**Instructions for the task**
Search the records for lines that contain the word "featuring". Copy them all.

**Information shown**
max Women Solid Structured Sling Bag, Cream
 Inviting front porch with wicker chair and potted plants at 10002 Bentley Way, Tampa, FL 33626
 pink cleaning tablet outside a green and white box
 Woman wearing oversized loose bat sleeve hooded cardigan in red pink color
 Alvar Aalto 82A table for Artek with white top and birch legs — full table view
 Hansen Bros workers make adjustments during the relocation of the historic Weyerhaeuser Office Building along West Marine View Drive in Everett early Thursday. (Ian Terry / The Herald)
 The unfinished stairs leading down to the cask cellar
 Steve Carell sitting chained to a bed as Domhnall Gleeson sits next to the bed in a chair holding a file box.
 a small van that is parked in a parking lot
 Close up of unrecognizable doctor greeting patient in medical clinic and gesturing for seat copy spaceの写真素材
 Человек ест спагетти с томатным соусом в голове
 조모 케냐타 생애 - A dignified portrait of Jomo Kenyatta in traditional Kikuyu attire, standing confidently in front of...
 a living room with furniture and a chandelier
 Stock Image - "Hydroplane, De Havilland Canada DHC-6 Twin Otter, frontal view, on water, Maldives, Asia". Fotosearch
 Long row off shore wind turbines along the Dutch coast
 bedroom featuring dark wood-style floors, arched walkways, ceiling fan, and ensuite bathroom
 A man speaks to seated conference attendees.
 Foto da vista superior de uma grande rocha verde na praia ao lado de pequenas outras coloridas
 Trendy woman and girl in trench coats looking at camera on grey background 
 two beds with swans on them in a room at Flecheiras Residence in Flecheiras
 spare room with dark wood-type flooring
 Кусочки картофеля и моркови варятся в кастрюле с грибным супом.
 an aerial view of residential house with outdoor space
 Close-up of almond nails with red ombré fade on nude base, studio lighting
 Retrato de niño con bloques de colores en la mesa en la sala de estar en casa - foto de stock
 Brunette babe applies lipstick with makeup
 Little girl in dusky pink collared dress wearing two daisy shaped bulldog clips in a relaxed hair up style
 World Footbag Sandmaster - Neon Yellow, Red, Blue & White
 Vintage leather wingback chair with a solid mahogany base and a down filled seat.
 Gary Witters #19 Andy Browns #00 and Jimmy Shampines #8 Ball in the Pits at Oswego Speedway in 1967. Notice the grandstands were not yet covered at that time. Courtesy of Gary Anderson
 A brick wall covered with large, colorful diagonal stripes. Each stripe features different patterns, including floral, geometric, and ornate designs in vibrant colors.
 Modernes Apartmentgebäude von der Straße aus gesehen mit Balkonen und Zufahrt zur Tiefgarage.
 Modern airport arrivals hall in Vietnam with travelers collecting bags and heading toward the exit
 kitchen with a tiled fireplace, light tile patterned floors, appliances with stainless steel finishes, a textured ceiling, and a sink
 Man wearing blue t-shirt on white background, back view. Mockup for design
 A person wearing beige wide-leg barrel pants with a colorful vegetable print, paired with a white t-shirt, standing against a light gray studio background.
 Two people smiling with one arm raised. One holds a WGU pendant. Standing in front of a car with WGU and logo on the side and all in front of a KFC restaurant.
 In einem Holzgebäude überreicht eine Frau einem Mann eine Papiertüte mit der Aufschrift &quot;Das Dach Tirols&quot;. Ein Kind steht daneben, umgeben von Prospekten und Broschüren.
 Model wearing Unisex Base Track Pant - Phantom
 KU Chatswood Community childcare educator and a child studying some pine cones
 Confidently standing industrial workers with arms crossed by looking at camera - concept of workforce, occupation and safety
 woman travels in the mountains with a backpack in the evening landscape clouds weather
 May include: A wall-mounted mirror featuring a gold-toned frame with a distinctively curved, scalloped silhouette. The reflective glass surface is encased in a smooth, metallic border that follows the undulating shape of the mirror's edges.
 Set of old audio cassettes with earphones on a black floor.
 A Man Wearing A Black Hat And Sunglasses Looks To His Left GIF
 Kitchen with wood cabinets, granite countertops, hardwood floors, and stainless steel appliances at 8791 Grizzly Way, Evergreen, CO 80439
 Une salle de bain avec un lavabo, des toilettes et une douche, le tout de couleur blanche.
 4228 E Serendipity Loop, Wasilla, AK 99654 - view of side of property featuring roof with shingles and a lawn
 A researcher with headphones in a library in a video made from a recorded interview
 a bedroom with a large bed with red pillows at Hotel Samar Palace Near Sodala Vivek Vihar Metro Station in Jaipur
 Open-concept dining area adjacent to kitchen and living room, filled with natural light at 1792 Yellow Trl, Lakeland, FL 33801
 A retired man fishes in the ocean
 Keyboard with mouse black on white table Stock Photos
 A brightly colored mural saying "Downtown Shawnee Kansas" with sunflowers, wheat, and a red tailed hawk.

**Result**
 bedroom featuring dark wood-style floors, arched walkways, ceiling fan, and ensuite bathroom
 May include: A wall-mounted mirror featuring a gold-toned frame with a distinctively curved, scalloped silhouette. The reflective glass surface is encased in a smooth, metallic border that follows the undulating shape of the mirror's edges.
 4228 E Serendipity Loop, Wasilla, AK 99654 - view of side of property featuring roof with shingles and a lawn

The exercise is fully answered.